- Pakistan / England
- Dates: 29 July – 22 September 2010
- Captains: Salman Butt (Tests) Shahid Afridi (ODIs & T20Is) / Andrew Strauss (Tests and ODIs) Paul Collingwood (T20Is)

Test series
- Result: England won the 4-match series 3–1
- Most runs: Umar Akmal (184) / Jonathan Trott (404)
- Most wickets: Mohammad Amir (19) / James Anderson (23)
- Player of the series: Mohammad Amir (Pak), Jonathan Trott (Eng)

One Day International series
- Results: England won the 5-match series 3–2
- Most runs: Kamran Akmal (201) / Andrew Strauss (317)
- Most wickets: Umar Gul (12) / Graeme Swann (11) Stuart Broad (11)
- Player of the series: Andrew Strauss (Eng)

Twenty20 International series
- Results: England won the 2-match series 2–0
- Most runs: Umar Akmal (52) / Eoin Morgan (56)
- Most wickets: Shoaib Akhtar (3) Shahid Afridi (3) / Tim Bresnan (4) Graeme Swann (4)

= Pakistani cricket team in England in 2010 =

International cricket tour

The Pakistan cricket team toured England from 29 July to 22 September 2010. The tour consisted of four Tests, two Twenty20s (T20) and five One Day Internationals (ODIs).
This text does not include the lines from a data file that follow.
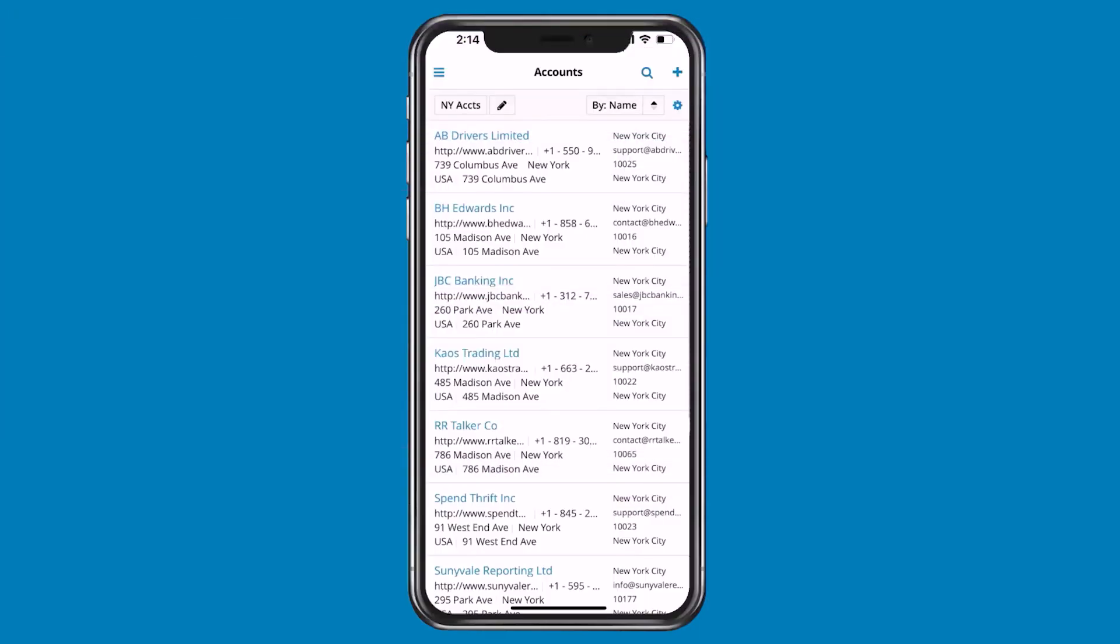The Sugar's CRM mobile app enables access to your Sugar Cloud or on-site Sugar instance from your mobile device, so you can interact with your data, manage daily activities, initiate phone calls, send SMS and emails, map record addresses, generate documents, and more.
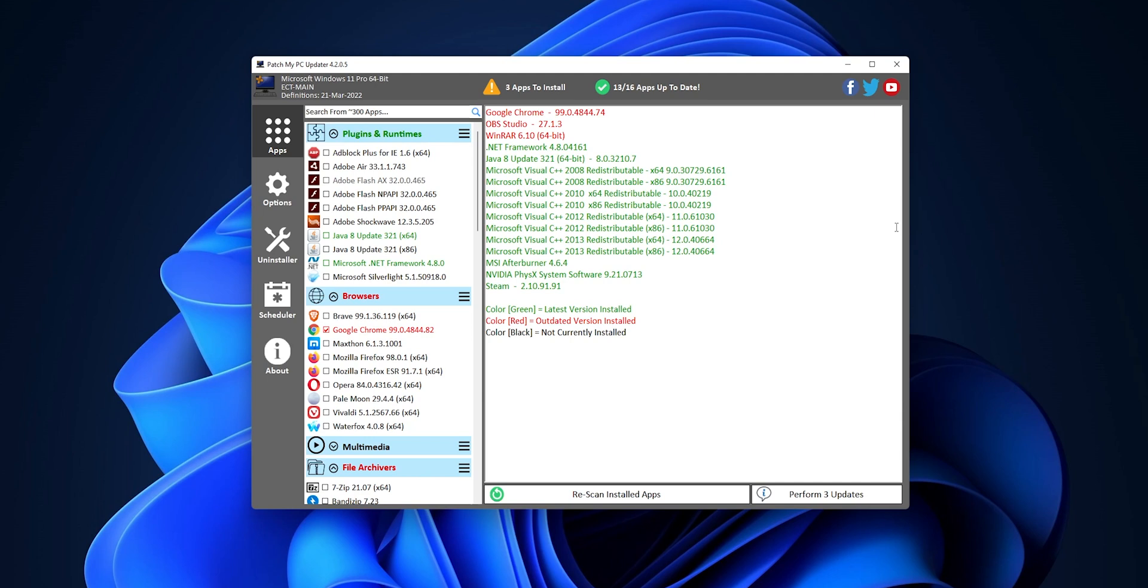Now, when you open the app, you're going to be into the Apps tab right here. By default, it's going to scan all the applications that you have installed in your system. And as you can see right here, everything that is in the color green, you have the latest version installed. And what is in red is an outdated version that you can update. In the color black, of course, they're the applications that you don't have installed into your system. And you can also install the application directly from here.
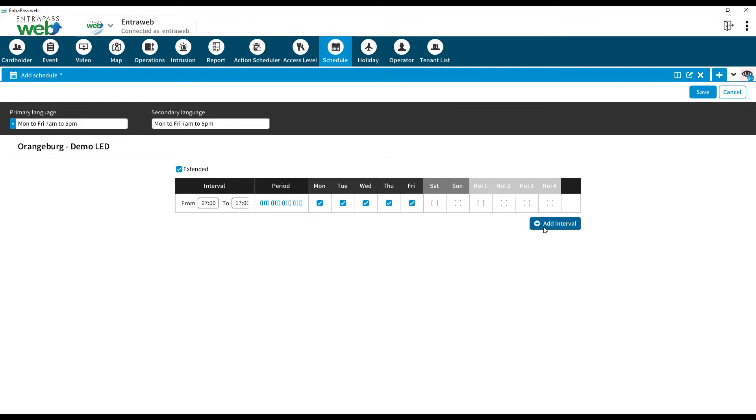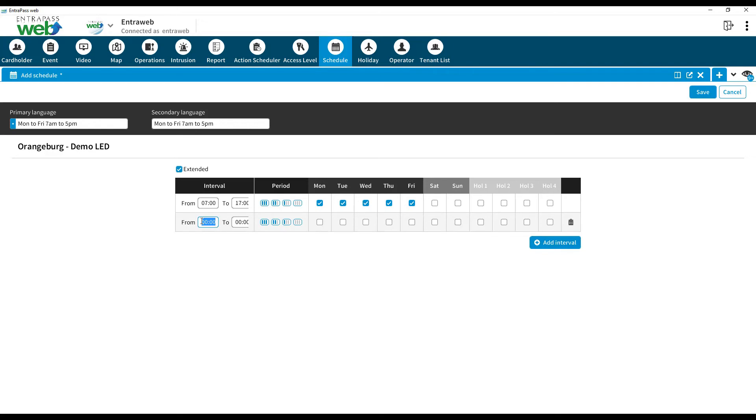To add a second interval, click on the Add Interval button. On the left in the second interval, enter the start and end time you need access. For our example, that will be 1700 and 2100. Click on Friday to apply this time to only Fridays.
The series became infamous for the Pakistan cricket spot-fixing scandal during the Fourth Test match at Lord's.

The first Test of the series, at Trent Bridge, was the 900th Test match to be played by England.

==Test series==
===Fourth Test===

After being put into bat by Pakistan, England were reduced to 102 for 7 on the second day. Jonathan Trott and Stuart Broad then put on a world record score for the eighth wicket with a partnership of 332.

====Betting allegations====

On the third day of the 4th Test, British newspaper News of the World published a story with allegations that an agent loosely affiliated with some of the Pakistani players (later identified as Mazhar Majeed) had accepted a £150,000 (US$232,665) bribe from undercover reporters for information that two Pakistani bowlers (Mohammad Asif and Mohammad Amir) would deliberately deliver no-balls at specific points during the match, information which could be used by gamblers to make wagers with inside information (a process known as spot-fixing, compared with match fixing to predetermine a match result).

In the video posted by News of the World, Majeed, counting out the bribe money, predicted that Amir would be Pakistan's bowler for the third over, and that the first ball of that over would be a no-ball delivery. Amir did bowl the third over, and on his first delivery from the over, bowled a no-ball delivery. Commentary described the delivery as a "massive overstep", a good half-metre beyond the popping crease following the television replay of the delivery. Majeed also predicted that the sixth delivery of the tenth over would be a no-ball, and the ball, delivered by Asif, was also a no-ball delivery.

As a result of the allegations and video posted by News of the World, Scotland Yard announced during the evening that they had arrested Majeed on charges of suspicion of conspiracy to defraud bookmakers. Two days later, after the Test match had completed, three more arrests were made (two unidentified men and an unidentified woman) on money laundering charges in connection with the allegations. Police also seized the cell phones of Asif, Amir, and Salman Butt as part of their investigations.

Yawar Saeed, the Pakistan team manager insisted after the conclusion of the test series that the T20 series and the ODI series will be played. He also refused to say that Butt should resign as Test captain.

On 1 November 2011, Asif, Amir and Butt were found guilty for their part in the spot-fixing and were given prison sentences, ranging from six months to 30 months.

==Twenty20 series==
Following the betting allegations, Mohammad Asif, Mohammad Amir and Salman Butt were eventually dropped from the Twenty20 and One day squads at the players' request. They had not been suspended, and three players would be called up to replace them. This followed several days where the PCB refused to drop or suspend the players from the rest of the tour, even after England requested that the trio sit out the rest of the tour.

On 2 September 2010, after the warm-up List A game between Pakistan and Somerset, the International Cricket Council announced that they had suspended Asif, Amir and Butt under the provision of the ICC's Anti-Corruption Code. The statement from the ICC stated that the three players were charged "under various offenses under Article 2 of the ICC Anti-Corruption Code for Players and Player Support Personnel relating to alleged irregular behavior during, and in relation to, the fourth Test between England and Pakistan at Lord's last month".